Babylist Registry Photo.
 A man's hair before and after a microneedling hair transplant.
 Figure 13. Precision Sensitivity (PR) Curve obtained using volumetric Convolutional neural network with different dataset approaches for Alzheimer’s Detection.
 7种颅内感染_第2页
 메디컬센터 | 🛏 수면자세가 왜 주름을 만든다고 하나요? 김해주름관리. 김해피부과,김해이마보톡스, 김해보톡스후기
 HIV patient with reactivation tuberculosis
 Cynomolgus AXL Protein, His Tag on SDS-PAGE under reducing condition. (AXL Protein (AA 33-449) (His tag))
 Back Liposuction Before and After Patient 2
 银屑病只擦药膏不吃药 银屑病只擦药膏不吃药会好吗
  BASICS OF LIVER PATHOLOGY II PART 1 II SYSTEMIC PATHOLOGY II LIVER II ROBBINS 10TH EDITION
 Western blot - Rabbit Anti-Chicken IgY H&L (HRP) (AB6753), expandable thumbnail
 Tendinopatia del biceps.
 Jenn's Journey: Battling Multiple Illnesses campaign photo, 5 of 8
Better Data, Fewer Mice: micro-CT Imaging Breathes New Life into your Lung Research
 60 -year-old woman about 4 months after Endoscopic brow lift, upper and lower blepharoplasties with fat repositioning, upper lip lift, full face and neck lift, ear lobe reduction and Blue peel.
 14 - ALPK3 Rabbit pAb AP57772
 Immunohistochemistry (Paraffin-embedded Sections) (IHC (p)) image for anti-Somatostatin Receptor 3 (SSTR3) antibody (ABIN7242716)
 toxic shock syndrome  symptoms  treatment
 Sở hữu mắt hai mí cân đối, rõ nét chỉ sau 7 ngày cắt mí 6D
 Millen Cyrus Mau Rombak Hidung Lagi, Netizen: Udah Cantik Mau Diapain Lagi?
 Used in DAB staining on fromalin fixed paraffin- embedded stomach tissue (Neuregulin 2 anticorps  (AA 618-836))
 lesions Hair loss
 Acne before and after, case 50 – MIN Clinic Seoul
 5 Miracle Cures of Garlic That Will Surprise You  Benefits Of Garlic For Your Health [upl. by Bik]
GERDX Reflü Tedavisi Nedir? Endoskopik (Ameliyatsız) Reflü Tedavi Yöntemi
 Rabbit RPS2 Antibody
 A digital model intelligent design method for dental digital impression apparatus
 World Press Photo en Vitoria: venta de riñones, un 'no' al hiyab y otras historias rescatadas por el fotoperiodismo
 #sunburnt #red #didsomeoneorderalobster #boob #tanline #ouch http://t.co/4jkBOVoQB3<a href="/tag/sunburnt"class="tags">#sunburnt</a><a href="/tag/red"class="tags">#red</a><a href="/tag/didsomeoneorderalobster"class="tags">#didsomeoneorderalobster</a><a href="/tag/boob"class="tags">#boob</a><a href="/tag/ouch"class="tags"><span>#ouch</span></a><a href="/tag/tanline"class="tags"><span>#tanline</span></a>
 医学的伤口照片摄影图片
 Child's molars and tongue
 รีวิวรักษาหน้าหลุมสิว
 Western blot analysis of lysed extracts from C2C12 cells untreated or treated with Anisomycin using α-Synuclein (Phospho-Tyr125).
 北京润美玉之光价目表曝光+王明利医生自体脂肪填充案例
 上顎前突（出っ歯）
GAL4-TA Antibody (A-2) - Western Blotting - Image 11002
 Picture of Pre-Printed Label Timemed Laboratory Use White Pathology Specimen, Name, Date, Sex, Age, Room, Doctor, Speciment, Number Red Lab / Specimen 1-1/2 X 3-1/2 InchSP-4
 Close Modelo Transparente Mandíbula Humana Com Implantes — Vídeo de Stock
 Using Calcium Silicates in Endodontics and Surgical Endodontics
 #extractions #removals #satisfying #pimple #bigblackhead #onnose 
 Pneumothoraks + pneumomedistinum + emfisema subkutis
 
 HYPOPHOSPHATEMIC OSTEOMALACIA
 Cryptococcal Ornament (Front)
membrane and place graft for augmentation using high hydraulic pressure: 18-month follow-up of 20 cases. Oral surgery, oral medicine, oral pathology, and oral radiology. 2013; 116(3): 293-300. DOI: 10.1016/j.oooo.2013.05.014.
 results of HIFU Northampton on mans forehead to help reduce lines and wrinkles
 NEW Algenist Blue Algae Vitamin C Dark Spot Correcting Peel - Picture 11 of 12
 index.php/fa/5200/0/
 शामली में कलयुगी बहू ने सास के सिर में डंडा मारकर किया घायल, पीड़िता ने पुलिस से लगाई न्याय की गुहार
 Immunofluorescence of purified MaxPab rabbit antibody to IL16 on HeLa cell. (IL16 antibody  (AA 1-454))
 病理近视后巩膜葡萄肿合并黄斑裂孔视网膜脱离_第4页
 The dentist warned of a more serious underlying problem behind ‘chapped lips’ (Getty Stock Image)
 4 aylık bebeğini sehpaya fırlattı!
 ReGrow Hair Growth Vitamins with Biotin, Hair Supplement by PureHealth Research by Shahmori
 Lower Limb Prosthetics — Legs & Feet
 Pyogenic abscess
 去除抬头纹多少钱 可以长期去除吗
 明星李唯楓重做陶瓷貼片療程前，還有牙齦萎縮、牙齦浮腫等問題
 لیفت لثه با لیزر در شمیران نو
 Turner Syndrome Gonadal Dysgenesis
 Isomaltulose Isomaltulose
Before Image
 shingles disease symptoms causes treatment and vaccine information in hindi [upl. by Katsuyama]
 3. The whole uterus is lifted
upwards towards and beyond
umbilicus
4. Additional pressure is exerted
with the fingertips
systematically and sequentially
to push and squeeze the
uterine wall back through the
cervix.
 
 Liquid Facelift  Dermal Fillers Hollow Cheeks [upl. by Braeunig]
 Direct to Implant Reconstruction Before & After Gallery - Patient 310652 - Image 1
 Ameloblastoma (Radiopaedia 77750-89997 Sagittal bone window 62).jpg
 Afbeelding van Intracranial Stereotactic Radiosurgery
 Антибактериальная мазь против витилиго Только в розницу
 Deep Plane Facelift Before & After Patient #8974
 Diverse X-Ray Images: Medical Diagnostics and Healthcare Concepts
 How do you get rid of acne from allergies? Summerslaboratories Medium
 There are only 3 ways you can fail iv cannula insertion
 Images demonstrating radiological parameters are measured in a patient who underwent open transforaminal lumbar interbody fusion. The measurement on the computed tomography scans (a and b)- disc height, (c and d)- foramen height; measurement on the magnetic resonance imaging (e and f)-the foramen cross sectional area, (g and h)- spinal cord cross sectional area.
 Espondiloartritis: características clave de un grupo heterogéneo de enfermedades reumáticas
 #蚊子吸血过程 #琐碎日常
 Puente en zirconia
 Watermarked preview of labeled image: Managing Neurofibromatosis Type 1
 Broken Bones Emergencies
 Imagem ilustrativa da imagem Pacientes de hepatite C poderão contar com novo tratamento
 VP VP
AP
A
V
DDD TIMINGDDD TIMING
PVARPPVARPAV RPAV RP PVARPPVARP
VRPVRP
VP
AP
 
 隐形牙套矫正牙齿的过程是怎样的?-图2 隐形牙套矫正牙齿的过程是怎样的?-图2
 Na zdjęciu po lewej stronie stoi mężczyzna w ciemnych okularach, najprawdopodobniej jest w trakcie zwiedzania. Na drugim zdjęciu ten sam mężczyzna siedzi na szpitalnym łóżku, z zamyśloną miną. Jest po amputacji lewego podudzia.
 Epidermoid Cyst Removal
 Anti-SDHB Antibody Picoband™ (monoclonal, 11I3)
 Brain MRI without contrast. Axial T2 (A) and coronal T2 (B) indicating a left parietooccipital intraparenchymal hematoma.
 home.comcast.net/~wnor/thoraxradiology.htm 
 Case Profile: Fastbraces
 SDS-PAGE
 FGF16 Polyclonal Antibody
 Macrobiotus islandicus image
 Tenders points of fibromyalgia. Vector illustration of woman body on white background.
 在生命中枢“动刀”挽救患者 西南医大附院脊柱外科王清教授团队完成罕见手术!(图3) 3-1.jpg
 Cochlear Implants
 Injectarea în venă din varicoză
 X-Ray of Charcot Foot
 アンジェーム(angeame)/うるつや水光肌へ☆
==========
• What you should do:
Taking the entries above, write out exactly each line from the one holding "NEW Algenist Blue Algae" to the one holding "Images demonstrating radiological", both included, and stop there.

• Output for this task:
 NEW Algenist Blue Algae Vitamin C Dark Spot Correcting Peel - Picture 11 of 12
 index.php/fa/5200/0/
 शामली में कलयुगी बहू ने सास के सिर में डंडा मारकर किया घायल, पीड़िता ने पुलिस से लगाई न्याय की गुहार
 Immunofluorescence of purified MaxPab rabbit antibody to IL16 on HeLa cell. (IL16 antibody  (AA 1-454))
 病理近视后巩膜葡萄肿合并黄斑裂孔视网膜脱离_第4页
 The dentist warned of a more serious underlying problem behind ‘chapped lips’ (Getty Stock Image)
 4 aylık bebeğini sehpaya fırlattı!
 ReGrow Hair Growth Vitamins with Biotin, Hair Supplement by PureHealth Research by Shahmori
 Lower Limb Prosthetics — Legs & Feet
 Pyogenic abscess
 去除抬头纹多少钱 可以长期去除吗
 明星李唯楓重做陶瓷貼片療程前，還有牙齦萎縮、牙齦浮腫等問題
 لیفت لثه با لیزر در شمیران نو
 Turner Syndrome Gonadal Dysgenesis
 Isomaltulose Isomaltulose
Before Image
 shingles disease symptoms causes treatment and vaccine information in hindi [upl. by Katsuyama]
 3. The whole uterus is lifted
upwards towards and beyond
umbilicus
4. Additional pressure is exerted
with the fingertips
systematically and sequentially
to push and squeeze the
uterine wall back through the
cervix.
 
 Liquid Facelift  Dermal Fillers Hollow Cheeks [upl. by Braeunig]
 Direct to Implant Reconstruction Before & After Gallery - Patient 310652 - Image 1
 Ameloblastoma (Radiopaedia 77750-89997 Sagittal bone window 62).jpg
 Afbeelding van Intracranial Stereotactic Radiosurgery
 Антибактериальная мазь против витилиго Только в розницу
 Deep Plane Facelift Before & After Patient #8974
 Diverse X-Ray Images: Medical Diagnostics and Healthcare Concepts
 How do you get rid of acne from allergies? Summerslaboratories Medium
 There are only 3 ways you can fail iv cannula insertion
 Images demonstrating radiological parameters are measured in a patient who underwent open transforaminal lumbar interbody fusion. The measurement on the computed tomography scans (a and b)- disc height, (c and d)- foramen height; measurement on the magnetic resonance imaging (e and f)-the foramen cross sectional area, (g and h)- spinal cord cross sectional area.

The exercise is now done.